EXERCISE DIRECTIONS:
Each line from the one with "LEVI’S 501 Cheeky" to the final line of the data must be reproduced exactly, and no other line may appear.

--- START ---

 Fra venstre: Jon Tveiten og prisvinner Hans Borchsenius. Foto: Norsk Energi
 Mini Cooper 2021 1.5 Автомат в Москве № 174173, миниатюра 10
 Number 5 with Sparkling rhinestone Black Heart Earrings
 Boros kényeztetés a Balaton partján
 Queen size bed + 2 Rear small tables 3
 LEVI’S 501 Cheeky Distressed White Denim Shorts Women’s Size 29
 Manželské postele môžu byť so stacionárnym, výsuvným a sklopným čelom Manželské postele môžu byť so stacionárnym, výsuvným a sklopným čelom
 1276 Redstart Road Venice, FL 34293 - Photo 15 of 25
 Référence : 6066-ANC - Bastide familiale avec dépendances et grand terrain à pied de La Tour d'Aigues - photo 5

--- END ---

SOLUTION TO THIS PROBLEM:
 LEVI’S 501 Cheeky Distressed White Denim Shorts Women’s Size 29
 Manželské postele môžu byť so stacionárnym, výsuvným a sklopným čelom Manželské postele môžu byť so stacionárnym, výsuvným a sklopným čelom
 1276 Redstart Road Venice, FL 34293 - Photo 15 of 25
 Référence : 6066-ANC - Bastide familiale avec dépendances et grand terrain à pied de La Tour d'Aigues - photo 5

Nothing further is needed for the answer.